▸ WHAT IS NEEDED
Copy out each line in the material below that has the word "Fashion".

Content starts

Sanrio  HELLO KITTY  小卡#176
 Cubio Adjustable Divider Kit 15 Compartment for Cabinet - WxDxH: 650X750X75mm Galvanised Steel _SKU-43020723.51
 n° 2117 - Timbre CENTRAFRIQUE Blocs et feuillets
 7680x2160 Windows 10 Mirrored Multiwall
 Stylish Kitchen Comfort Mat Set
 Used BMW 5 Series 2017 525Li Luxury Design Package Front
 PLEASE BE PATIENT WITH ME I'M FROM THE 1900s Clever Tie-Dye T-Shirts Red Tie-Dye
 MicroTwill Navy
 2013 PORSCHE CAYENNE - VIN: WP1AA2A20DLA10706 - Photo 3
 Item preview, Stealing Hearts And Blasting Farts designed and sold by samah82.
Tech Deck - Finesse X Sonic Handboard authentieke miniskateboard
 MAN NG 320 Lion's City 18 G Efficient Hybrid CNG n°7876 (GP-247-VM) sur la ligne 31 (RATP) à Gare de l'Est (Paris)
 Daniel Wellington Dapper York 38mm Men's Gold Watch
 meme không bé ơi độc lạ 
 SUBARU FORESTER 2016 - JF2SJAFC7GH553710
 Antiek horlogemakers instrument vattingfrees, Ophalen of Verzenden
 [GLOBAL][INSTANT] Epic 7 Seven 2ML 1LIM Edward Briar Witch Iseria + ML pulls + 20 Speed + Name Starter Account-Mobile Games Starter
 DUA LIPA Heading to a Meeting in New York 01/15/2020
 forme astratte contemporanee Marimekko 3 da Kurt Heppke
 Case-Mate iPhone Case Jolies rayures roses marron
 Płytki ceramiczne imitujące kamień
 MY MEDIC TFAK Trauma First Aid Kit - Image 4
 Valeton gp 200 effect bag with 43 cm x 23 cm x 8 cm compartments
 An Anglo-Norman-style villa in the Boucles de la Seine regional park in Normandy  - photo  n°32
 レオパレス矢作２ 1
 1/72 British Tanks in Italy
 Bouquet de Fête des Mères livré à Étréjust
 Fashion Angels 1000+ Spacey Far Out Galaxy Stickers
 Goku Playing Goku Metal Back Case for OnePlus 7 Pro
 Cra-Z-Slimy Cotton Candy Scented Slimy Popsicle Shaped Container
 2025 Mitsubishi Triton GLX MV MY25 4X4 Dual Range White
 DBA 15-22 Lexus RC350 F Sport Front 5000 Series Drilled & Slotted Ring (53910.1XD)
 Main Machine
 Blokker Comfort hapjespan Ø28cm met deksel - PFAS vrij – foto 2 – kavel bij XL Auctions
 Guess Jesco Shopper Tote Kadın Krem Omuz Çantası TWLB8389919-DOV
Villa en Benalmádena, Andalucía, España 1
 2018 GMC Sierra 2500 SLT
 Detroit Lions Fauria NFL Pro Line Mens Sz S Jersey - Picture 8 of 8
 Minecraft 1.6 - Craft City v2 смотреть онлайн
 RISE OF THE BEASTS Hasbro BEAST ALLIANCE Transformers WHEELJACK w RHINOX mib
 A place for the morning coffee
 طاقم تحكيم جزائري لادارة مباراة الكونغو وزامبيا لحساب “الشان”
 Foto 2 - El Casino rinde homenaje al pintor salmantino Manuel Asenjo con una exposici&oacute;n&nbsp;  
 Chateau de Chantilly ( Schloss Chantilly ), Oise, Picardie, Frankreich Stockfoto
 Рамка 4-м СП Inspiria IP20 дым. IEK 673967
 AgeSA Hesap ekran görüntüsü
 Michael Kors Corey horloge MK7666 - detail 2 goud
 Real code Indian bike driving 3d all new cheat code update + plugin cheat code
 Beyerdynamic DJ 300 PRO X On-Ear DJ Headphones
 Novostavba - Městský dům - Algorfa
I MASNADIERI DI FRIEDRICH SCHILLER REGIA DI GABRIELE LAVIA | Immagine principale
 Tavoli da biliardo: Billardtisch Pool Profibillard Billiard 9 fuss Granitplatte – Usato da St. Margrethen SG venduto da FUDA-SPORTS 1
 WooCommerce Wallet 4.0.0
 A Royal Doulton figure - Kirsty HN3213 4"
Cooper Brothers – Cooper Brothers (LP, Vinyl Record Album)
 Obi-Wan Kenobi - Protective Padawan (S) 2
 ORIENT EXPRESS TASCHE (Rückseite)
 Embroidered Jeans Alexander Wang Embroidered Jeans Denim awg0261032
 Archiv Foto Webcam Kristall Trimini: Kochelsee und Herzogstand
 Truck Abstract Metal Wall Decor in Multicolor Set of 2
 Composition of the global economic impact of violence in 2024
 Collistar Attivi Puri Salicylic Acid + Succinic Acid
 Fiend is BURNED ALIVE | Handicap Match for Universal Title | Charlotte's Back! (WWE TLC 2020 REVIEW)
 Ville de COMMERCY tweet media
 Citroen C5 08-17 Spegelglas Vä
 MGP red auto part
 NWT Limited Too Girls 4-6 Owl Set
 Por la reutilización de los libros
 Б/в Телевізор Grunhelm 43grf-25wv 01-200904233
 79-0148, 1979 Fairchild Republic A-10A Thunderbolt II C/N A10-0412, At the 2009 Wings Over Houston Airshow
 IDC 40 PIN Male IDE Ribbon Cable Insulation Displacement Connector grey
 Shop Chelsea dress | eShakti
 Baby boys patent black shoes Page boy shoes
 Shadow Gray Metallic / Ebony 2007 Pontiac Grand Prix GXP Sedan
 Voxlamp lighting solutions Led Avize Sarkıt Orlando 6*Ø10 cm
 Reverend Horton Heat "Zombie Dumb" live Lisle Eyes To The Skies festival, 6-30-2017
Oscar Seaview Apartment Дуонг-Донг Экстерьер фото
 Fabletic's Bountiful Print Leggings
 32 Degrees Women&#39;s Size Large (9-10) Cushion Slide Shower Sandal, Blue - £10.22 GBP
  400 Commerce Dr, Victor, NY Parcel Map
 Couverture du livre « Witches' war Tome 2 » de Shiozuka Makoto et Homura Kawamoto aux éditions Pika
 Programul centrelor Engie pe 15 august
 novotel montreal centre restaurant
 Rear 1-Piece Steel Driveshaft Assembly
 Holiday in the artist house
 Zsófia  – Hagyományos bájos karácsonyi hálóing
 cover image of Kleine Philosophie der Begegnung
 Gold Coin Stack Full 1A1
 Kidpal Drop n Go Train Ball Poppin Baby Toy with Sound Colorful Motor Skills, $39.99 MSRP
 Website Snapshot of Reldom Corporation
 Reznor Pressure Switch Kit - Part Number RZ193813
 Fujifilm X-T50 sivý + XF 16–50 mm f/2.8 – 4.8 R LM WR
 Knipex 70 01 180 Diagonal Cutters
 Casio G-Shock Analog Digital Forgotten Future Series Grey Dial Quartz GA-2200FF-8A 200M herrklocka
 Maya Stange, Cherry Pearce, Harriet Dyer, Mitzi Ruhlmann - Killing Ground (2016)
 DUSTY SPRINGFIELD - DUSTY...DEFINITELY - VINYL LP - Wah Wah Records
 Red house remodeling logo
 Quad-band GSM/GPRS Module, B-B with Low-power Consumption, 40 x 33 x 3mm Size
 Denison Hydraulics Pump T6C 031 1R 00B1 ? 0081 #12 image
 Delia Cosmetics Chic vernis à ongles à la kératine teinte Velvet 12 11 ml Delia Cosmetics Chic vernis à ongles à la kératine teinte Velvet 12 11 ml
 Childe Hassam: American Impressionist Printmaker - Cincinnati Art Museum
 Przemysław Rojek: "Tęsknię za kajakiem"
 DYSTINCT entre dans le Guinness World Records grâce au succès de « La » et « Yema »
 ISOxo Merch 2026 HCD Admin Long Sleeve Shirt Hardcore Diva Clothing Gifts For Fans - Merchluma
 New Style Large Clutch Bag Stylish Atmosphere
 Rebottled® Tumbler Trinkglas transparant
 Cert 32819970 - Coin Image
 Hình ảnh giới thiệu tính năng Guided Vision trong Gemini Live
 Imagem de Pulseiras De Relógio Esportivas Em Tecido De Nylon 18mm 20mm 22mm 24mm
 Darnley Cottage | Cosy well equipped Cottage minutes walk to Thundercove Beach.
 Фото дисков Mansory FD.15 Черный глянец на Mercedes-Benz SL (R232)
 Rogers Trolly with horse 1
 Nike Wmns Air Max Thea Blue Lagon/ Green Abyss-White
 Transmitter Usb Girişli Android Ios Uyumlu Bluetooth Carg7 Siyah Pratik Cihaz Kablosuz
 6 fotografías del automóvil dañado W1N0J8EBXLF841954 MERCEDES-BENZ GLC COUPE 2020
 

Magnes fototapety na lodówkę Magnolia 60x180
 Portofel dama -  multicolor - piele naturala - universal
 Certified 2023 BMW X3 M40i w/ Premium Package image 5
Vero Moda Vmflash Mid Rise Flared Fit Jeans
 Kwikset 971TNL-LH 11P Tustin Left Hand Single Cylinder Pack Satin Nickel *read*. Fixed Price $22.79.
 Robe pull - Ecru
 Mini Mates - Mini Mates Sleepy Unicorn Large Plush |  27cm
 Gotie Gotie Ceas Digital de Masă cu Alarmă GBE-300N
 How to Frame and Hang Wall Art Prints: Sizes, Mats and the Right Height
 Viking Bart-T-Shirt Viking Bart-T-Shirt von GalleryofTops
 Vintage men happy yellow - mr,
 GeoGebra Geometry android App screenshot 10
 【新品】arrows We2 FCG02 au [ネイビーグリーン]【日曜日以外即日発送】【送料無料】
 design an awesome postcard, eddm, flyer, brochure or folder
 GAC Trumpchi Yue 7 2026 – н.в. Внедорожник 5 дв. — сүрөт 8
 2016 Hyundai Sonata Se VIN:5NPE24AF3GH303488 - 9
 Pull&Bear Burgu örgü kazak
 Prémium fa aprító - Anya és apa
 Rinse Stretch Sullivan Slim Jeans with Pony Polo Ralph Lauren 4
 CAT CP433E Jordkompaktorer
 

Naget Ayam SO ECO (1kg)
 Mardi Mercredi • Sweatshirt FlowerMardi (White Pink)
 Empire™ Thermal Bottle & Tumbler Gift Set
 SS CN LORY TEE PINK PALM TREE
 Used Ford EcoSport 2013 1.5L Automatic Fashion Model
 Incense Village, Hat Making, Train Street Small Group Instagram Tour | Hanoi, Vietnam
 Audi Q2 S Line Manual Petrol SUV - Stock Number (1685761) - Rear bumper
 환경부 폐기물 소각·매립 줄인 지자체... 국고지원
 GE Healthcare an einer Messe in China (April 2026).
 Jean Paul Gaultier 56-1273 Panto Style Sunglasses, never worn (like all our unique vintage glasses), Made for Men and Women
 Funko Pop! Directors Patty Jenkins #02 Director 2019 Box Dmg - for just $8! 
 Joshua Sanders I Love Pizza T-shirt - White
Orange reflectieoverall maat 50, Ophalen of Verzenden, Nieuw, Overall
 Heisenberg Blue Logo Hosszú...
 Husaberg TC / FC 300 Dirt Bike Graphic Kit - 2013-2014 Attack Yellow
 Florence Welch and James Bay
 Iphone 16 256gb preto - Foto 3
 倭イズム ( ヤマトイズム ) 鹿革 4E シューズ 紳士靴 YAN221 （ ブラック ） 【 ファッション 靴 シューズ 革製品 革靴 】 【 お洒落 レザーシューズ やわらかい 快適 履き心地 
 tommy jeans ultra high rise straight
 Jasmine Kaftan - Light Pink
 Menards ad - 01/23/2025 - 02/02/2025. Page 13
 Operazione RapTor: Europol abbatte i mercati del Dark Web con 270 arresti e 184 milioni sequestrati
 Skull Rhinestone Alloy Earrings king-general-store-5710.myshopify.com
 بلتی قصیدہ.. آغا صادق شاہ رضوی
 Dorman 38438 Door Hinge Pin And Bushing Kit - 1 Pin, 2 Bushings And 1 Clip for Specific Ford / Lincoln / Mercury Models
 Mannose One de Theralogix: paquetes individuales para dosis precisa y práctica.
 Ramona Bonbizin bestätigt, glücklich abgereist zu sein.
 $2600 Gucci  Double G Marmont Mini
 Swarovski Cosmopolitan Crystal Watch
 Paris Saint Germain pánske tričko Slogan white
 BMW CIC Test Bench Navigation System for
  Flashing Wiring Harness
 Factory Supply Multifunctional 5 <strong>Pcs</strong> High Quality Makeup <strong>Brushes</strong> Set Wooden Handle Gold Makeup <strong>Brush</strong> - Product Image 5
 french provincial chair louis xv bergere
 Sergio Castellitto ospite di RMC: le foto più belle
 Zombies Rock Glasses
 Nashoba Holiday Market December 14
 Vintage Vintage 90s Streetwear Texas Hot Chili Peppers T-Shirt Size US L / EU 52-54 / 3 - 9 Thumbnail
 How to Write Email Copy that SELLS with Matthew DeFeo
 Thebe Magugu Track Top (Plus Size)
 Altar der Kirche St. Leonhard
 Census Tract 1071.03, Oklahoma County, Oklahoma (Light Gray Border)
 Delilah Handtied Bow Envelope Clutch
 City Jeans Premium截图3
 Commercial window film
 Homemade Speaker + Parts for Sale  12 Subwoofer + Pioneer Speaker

Content ends

▸ RESULT FOR THIS TASK
 Fashion Angels 1000+ Spacey Far Out Galaxy Stickers
 Used Ford EcoSport 2013 1.5L Automatic Fashion Model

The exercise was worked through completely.